_Try it_: The answer must consist solely of the lines from the line with "Adidas ozweego core black5 фото" to the final line of the data below, reproduced exactly, pictures omitted.

_Crawled caption data_:
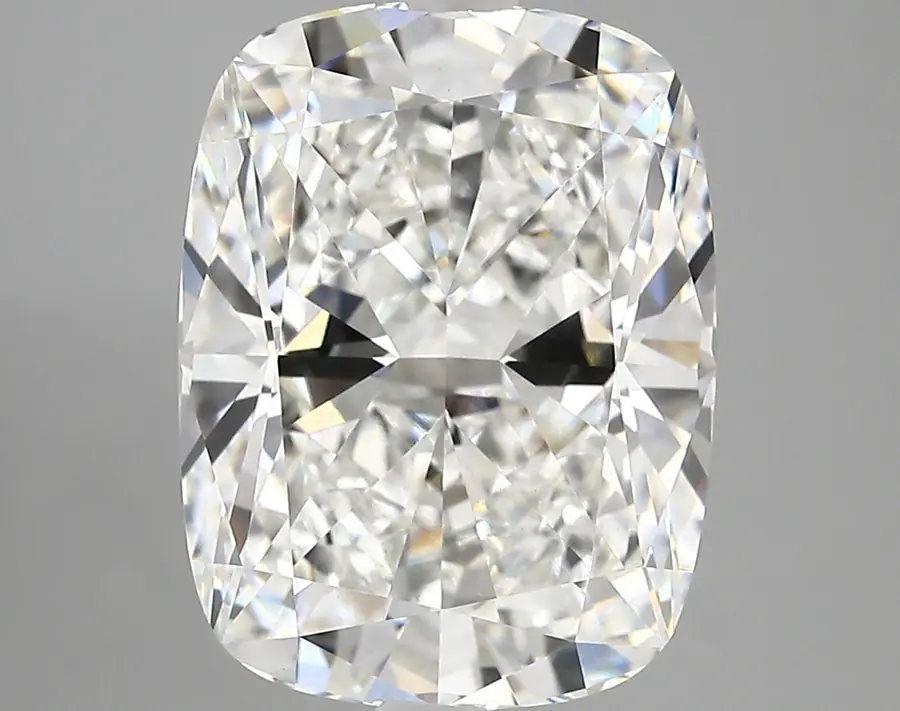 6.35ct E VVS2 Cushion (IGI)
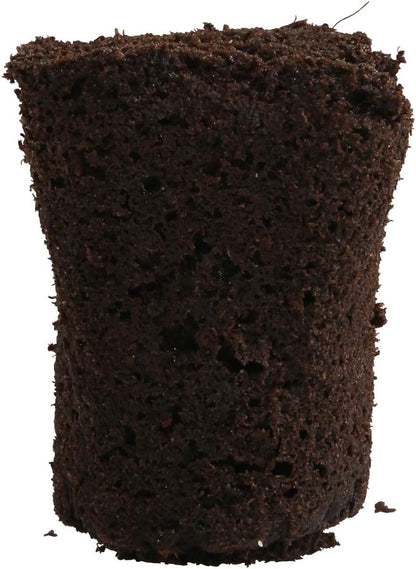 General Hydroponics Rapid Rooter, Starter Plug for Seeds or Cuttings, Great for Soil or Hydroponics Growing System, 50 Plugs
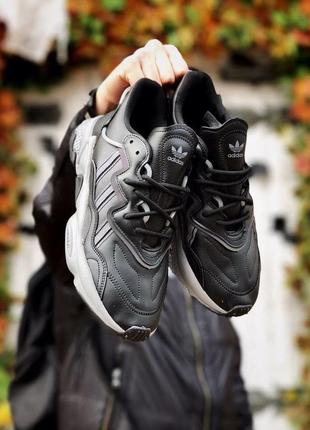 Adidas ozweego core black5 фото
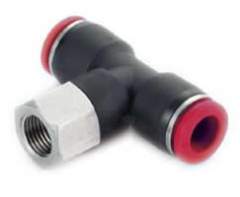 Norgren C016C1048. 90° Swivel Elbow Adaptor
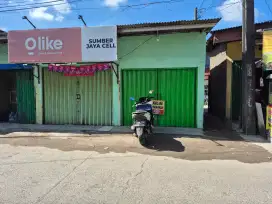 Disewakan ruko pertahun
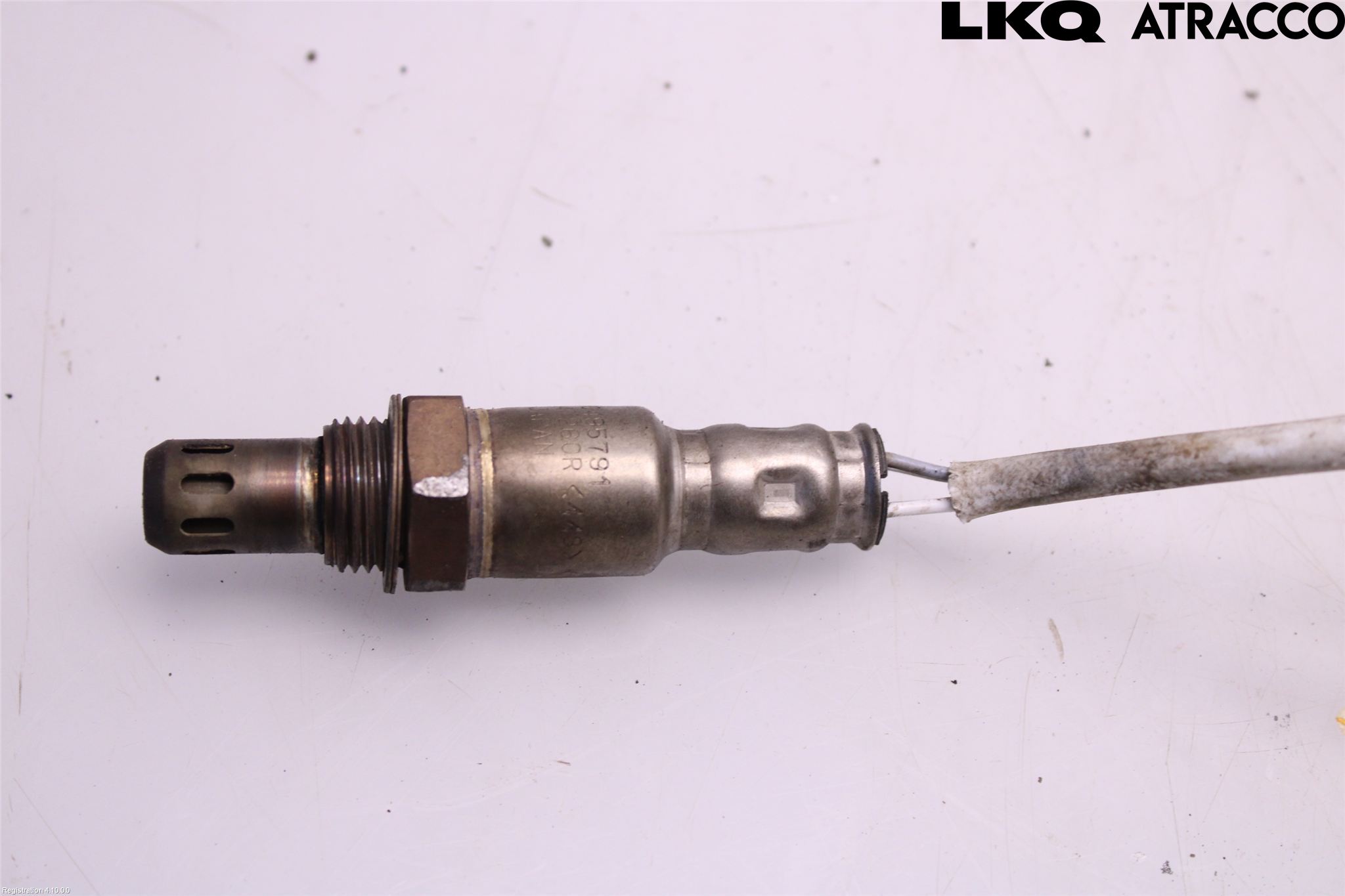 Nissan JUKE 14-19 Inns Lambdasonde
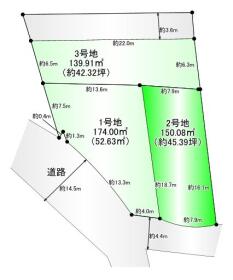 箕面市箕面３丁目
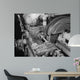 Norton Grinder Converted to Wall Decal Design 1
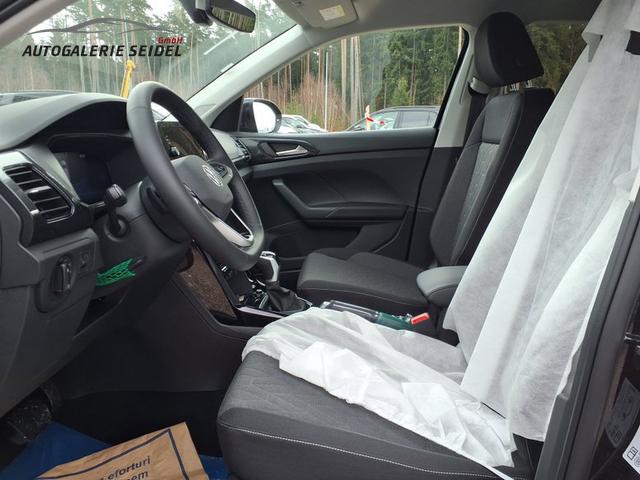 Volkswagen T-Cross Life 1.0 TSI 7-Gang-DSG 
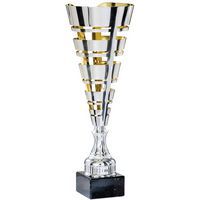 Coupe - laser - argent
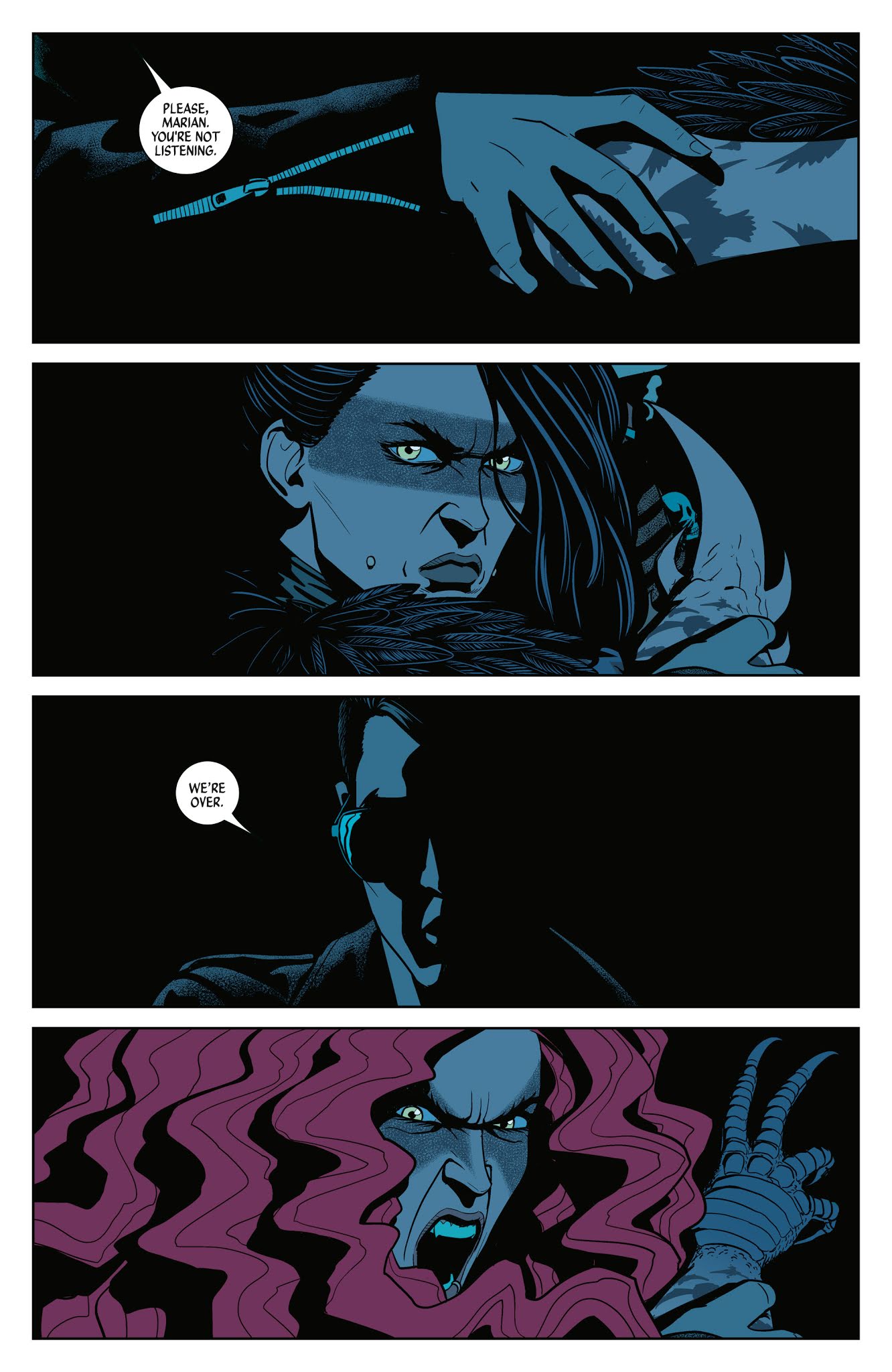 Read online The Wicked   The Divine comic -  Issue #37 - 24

_Solved exercise_:
 Adidas ozweego core black5 фото
 Norgren C016C1048. 90° Swivel Elbow Adaptor
 Disewakan ruko pertahun
 Nissan JUKE 14-19 Inns Lambdasonde
 箕面市箕面３丁目
 Norton Grinder Converted to Wall Decal Design 1
 Volkswagen T-Cross Life 1.0 TSI 7-Gang-DSG 
 Coupe - laser - argent
 Read online The Wicked   The Divine comic -  Issue #37 - 24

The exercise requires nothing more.